By 4 p.m., the volunteers are withering from exposure. The search has been grinding on for eight hours and my footsteps are leaden, hands swollen, thoughts muddled. Shortly after my water runs out, another member of the group suffers heatstroke. I take cover in the shadow of a giant saguaro cactus as we wait for an Aguilas relief truck to come, a breach of park rules for which the Aguilas are later summoned by authorities. Out here, the rescuers sometimes need rescuing.
THE MIGRANTS killing time back at the Sonoyta shelter are not unaware of the purgatory that awaits them. Between stories from friends and relatives gone before, and the death maps on the wall, they have an idea of what lies ahead. But with families that depend on them, and so many threats at their back, some say they will do what they must to complete the desert crossing.
According to Juan Carlos, an older resident at the shelter, “at least 80 percent” of the men there will end up as drug mules to improve their odds of survival. The buy-in to carry a pack is a fraction of paying a coyote or going it alone. With hundreds of thousands of dollars at stake, the cartels go to extreme lengths to protect their routes from the Border Patrol.

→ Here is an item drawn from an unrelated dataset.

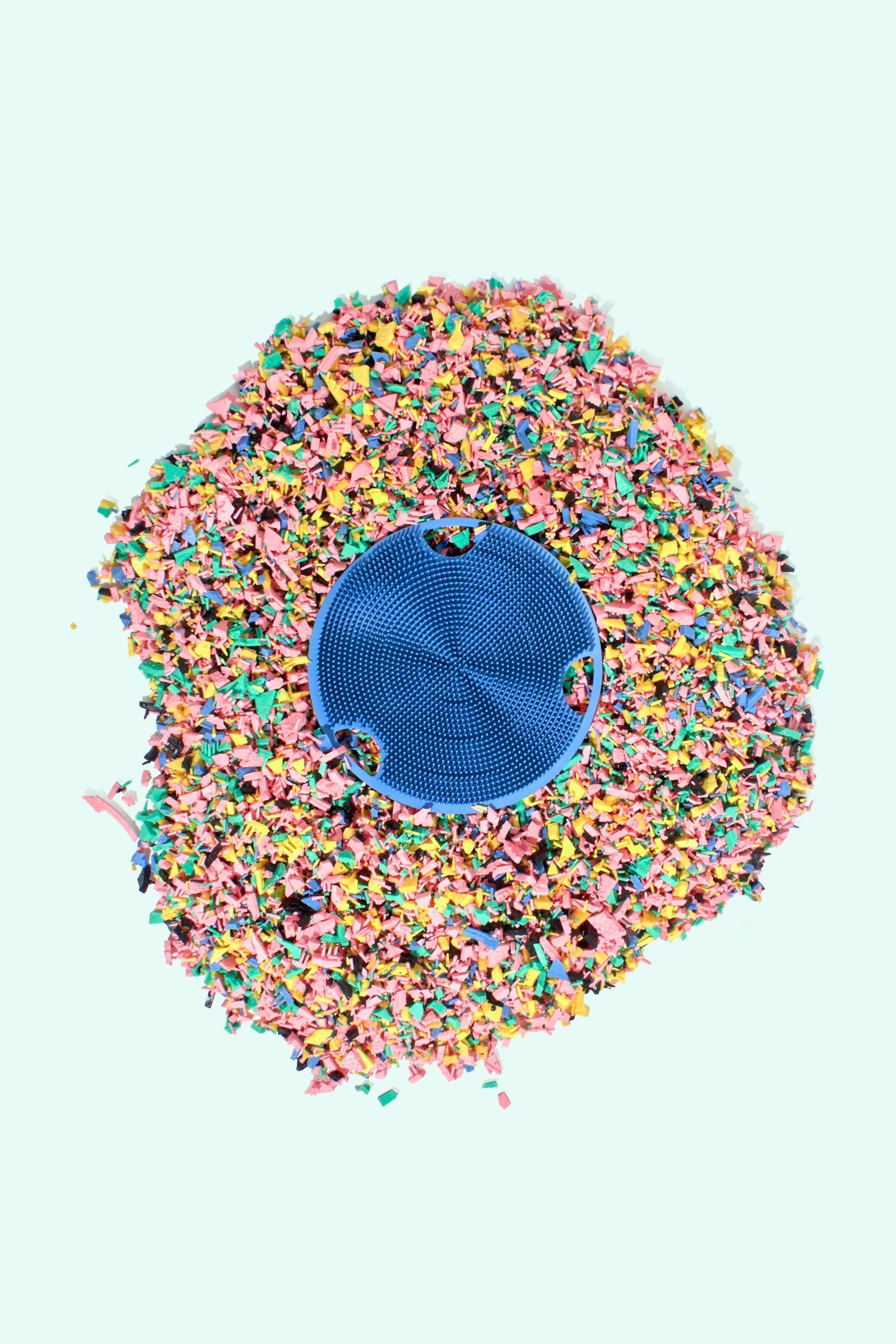 Boie's Body Scrubber laying on top of pieces of recycled Body Scrubber material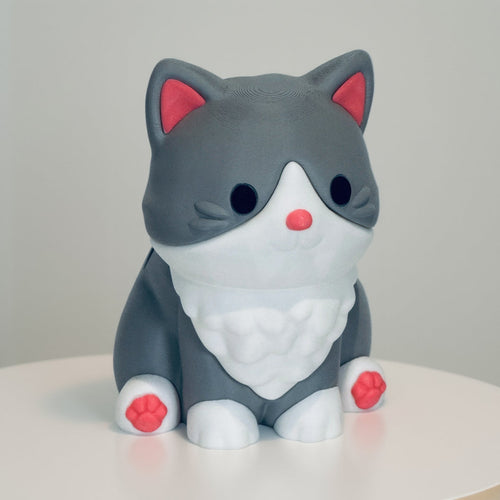 Gray cat-shaped figurine with pink accents on a white background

“It’s the safest way,” Juan Carlos says. “I hate drugs — I don’t drink or smoke, but it’s the safest way.” Come September, he’ll hitch a ride east of town to Ejido del Desierto, the cartel’s main staging ground in the area. His contact at one of the ranches will give him a backpack, and he’ll set off at night. If all goes well, he’ll make it through and join his brother in California.
Mauricio can’t wait that long. Though his son is staying with grandparents in the countryside, he says it’s just a matter of time before the gangs get to him. “They are everywhere, like a cancer,” he says. We walk up a hill behind the shelter with a view of the border, and I ask whether he’ll run drugs or go his own way. He’s hesitant to say, but his gaze stays fixed on the other side: “I know that God is protecting me.” He has already survived a near-fatal gang attack and a 2,500-mile journey, and his faith is strong. But he’s never set foot in the desert before.